Brigadier Lethbridge-Stewart (Retired) arrives in the newly-formed American state of Malebolgia, where the locals have requested his advice following his participation in the secession of Scotland from the United Kingdom. But the Brigadier is a little suspicious of events in Malebolgia, and he’s not alone – he has actually been assigned to look into rumors of misuse of a mind scanning/recording/reprogramming device at a local mental hospital. Those rumors turn out to be true when the Brigadier encounters a long-haired man in unusual clothes who claims to have arrived out of nowhere only the night before, and also claims to know the Brigadier. But Lethbridge-Stewart takes the man back to the mental hospital, and doesn’t get to hear the man’s claims that he’s a Time Lord from the planet Gallifrey – and another patient at the mental hospital is making precisely the same claims. But whoever the Doctor may be, he’s in no position to stop a confluence of demonic influences from overrunning the 51st state – leaving Lethbridge-Stewart and an equally amnesiac Charley to do battle with darkness by themselves.

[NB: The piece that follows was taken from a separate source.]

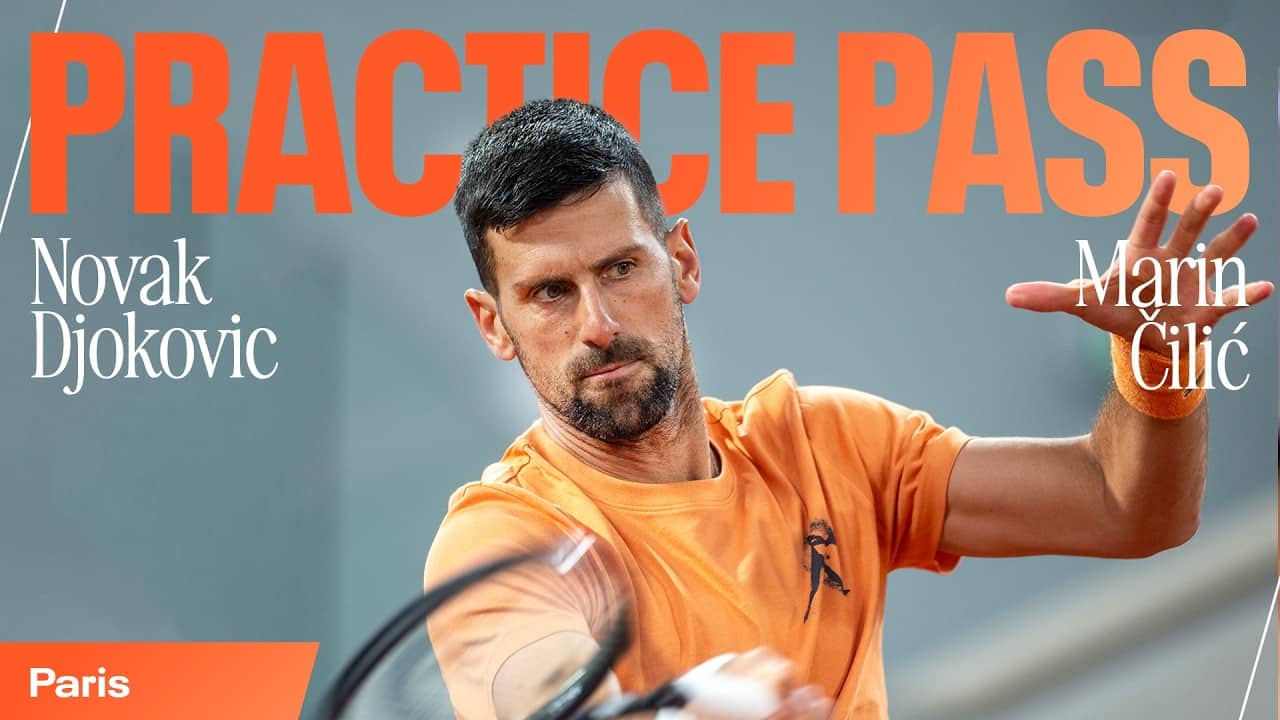 Novak Djokovic Practice at Roland Garros 2026 🎾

written by Alan W. Lear with Gary Russell
directed by Nicholas Briggs
music by William AllenCast: Paul McGann (The Doctor), India Fisher (Charley), Nicholas Courtney (Brigadier Lethbridge-Stewart), Robert Jezek (Brigham Elisha Dashwood), Morgan Deare (Senator Waldo Pickering), Helen Goldwyn (Becky Lee), Maureen Oakeley (Doctor Dale Pargeter), Nicholas Briggs (Gideon Crane)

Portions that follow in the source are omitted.